──────── Recorded information

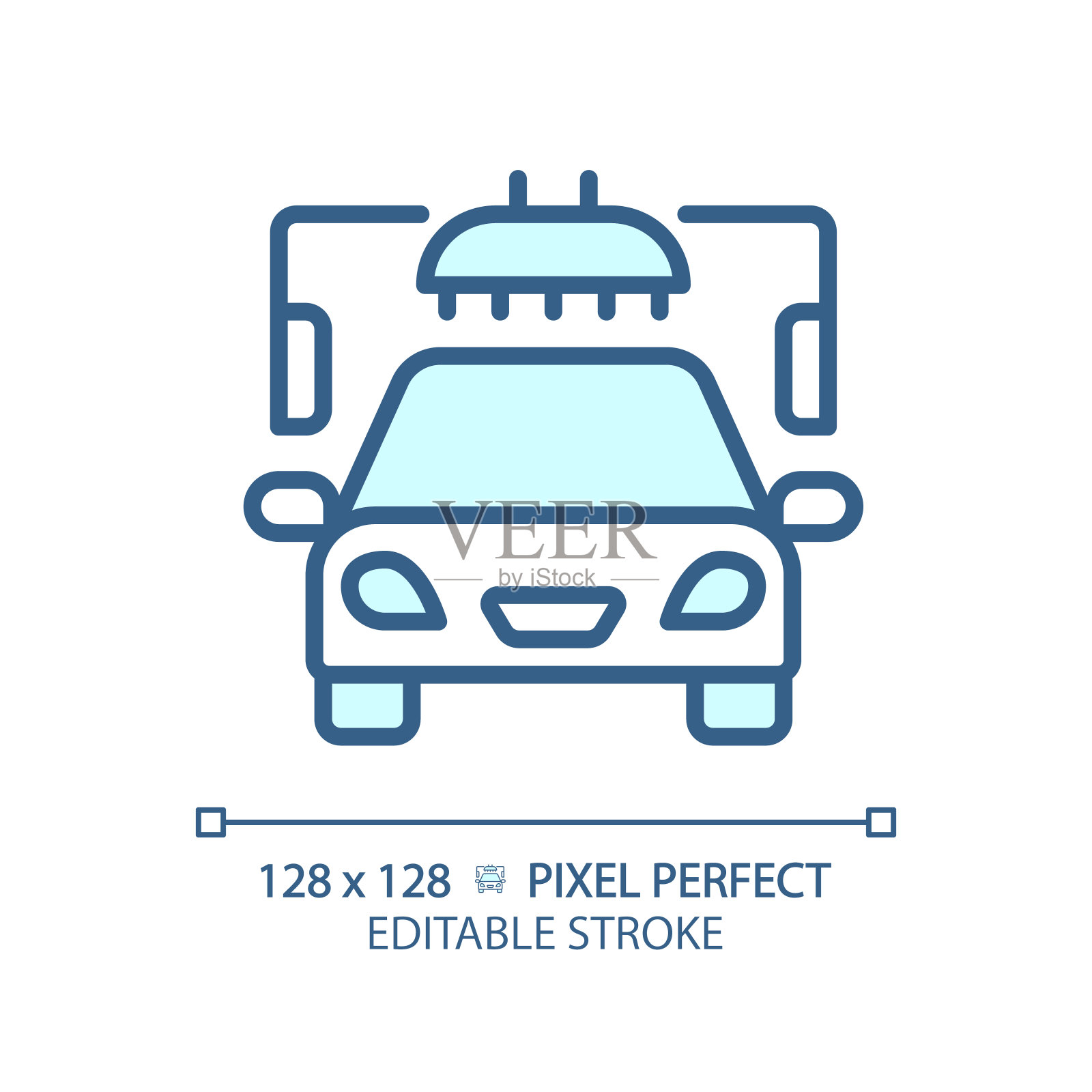 2D可定制的细线性蓝色洗车图标插画图片素材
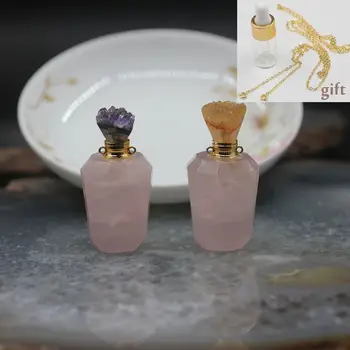 

New!Geode Druzy Caps Rose Quartzs Perfume Bottle Pendants,Pink Crystal Gems Stone Essential Oil Diffuser Necklace Charms Jewelry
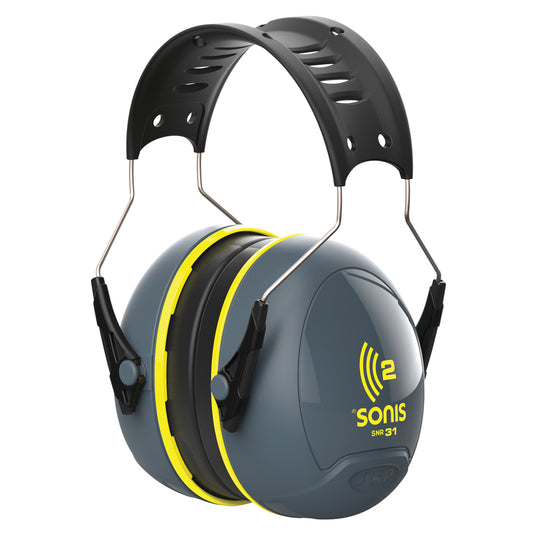 JSP Sonis 2 Adjustable Ear Defenders Yellow SNR31dB AEB020-0AY-900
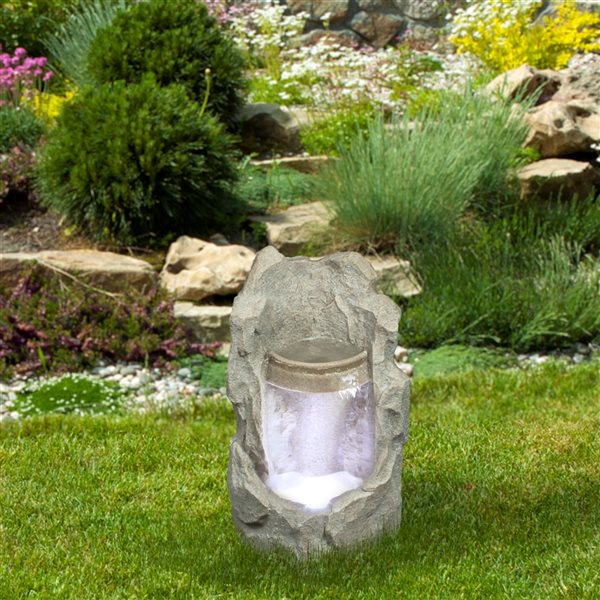 Northlight LED Lighted Gray Raised Stone Basin Outdoor Garden Water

────────────────

• Problem description:
Everything above should be given again exactly, apart from the pictures.

• Exercise output:
 2D可定制的细线性蓝色洗车图标插画图片素材

New!Geode Druzy Caps Rose Quartzs Perfume Bottle Pendants,Pink Crystal Gems Stone Essential Oil Diffuser Necklace Charms Jewelry
 JSP Sonis 2 Adjustable Ear Defenders Yellow SNR31dB AEB020-0AY-900
 Northlight LED Lighted Gray Raised Stone Basin Outdoor Garden Water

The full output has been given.